And Here It Comes

Mar 22, 2011 20:06

Today was the second to last Tuesday before spring break . . . And spring break marks the end of my 10 week lead teach extravaganza, where I've been in charge of 80% of my mentor teacher's work load. That means I plan three hours of world history and teach an hour of sociology. It means I have to negotiate apathetic freshmen, loud honors freshmen, and loud and sometimes bewildered English Language Learners. Oh, and I can't forget the seniors, who have been suffering from senioritis all year.

It's winding down. After lead teach ends, I'll have a week vacation, and then I'll have three-four weeks getting my affairs in order. I'll work on my teaching portfolio, attend job fairs, write some papers for Michigan State, apply to jobs, and get certified.

It's finally all coming to a head. I've been working at this whole "adulthood" thing since graduating from college back in 2008. It's only partially worked out for me. And by "partially", I mean not really much at all. Because I've been living at home and have been attending classes and have been dependent. I mean, I essentially feel like I'm 14. I haven't changed too much since then.

I'm so ready to get going on grown up-dom. I freak out about not getting a job, but I'm trying to remain kind of positive that something will work out. How badly do I want to move to San Francisco, Portland, or Seattle? Pretty damn bad. Hell, I'll settle for just about anywhere that's not here. Where I can go and get my own apartment, pay my own bills, make my own living. Live a new and exciting life because, I gotta tell you, what I have now isn't anything to be jealous of.

I feel like I have been recently been coming into my own. Weird internal revelations that have actually manifested themselves in my dreams. But I think I'm more myself than I've ever been, so that's a good place to kind of motivate me to move forward and do what needs to be done to be what I want to be.

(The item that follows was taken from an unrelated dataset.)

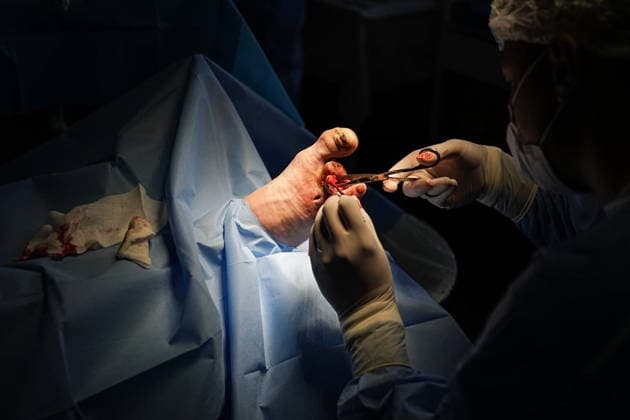 August 25, 2026, Chernihiv, Chernihiv Oblast, Ukraine: WARNING: Graphic content. A surgeon performs a surgery on the foot of a military man at a military hospital in Chernihiv, north of Kyiv, Ukraine, on August 25, 2026. Chernihiv Ukraine  - ZUMAa252 20260825_zip_a252_006 Copyright: xDavidxAllignonx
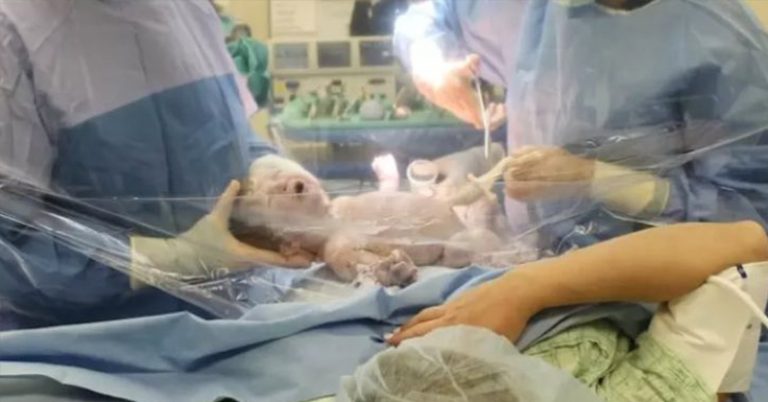 What Expecting Parents Should Know About the “Gentle” C-Section - Featured image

And to be around the people I want to be around.

In the meantime, I'm watching women's basketball on ESPN2. It probably sounds horrible to say, but I hate women's basketball. They just aren't graceful like the men. They wind up on the floor more often than not. (Seriously, if you ever watch, count how many times a woman ends up on the ground.) But it's March and the Madness must be served . . . somehow.